Letter to the Editor: Support Private Investment Accounts

This letter was originally published in the LaCrosse Tribune on Jan. 17, 2005.

Support private investment accounts
By CHRIS MULLER Onalaska, Wis.

Much has been made of the possible windfall for Wall Street if Social Security reform included personal retirement accounts. Opponents of PRAs have been spreading this rhetoric since it was first suggested in 1997 that a greater rate of return had to be made on Social Security dollars to meet its long-term obligations.

Those long-term obligations are skyrocketing upwards of $12 trillion, and grow by $320 billion every two years that reform is postponed. By 2018 Social Security will run deficits as more retirees draw off the system than workers pay in.

If PRAs are implemented, younger workers would be allowed to divert a portion of their FICA taxes into government approved investments with greater returns than the current minus-0.25 percent under Social Security.

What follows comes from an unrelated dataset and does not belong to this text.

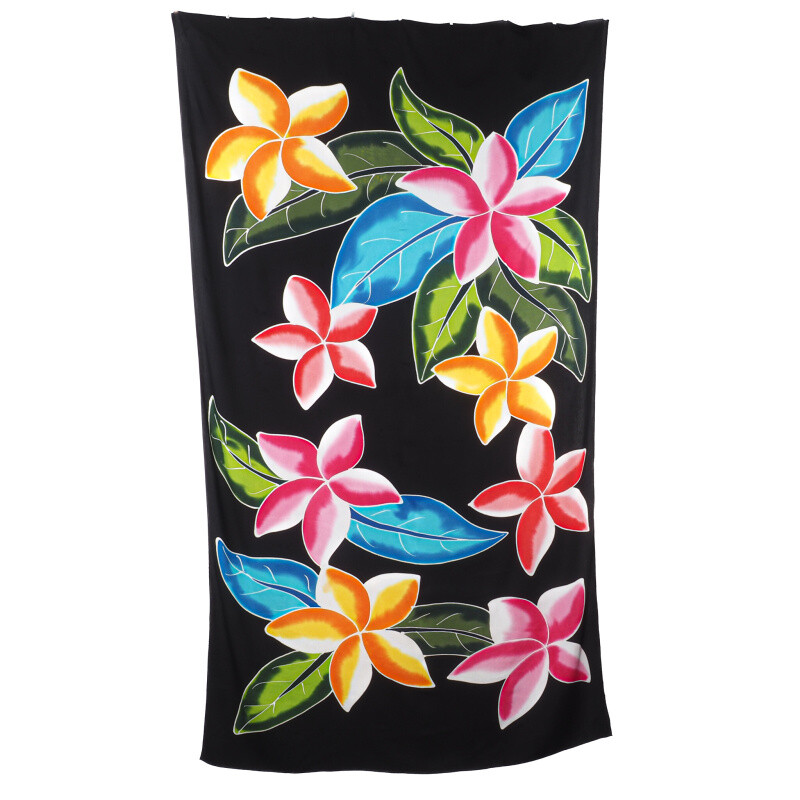 Pareo Sarong Bali Flowers 03 černá 200 x 118 cm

The idea mirrors modern pensions and the government employee thrift savings plan.

As I look at my 401(k), I notice a nominal fee for administrative costs, and I certainly have no reservation about paying for the sound management of my retirement account. We pay plumbers and electricians and carpenters for the ser ices they provide. Are we to expect free service from investors?

I did some research and found that I can plan to receive $2,387 per month under the current system by the time I retire. If PRAs are implemented, that number could grow to as much as $7,611. I am blessed to work for a company that offers a good 401(k) package but what about those workers who will rely solely on Social Security? Don’t they deserve better?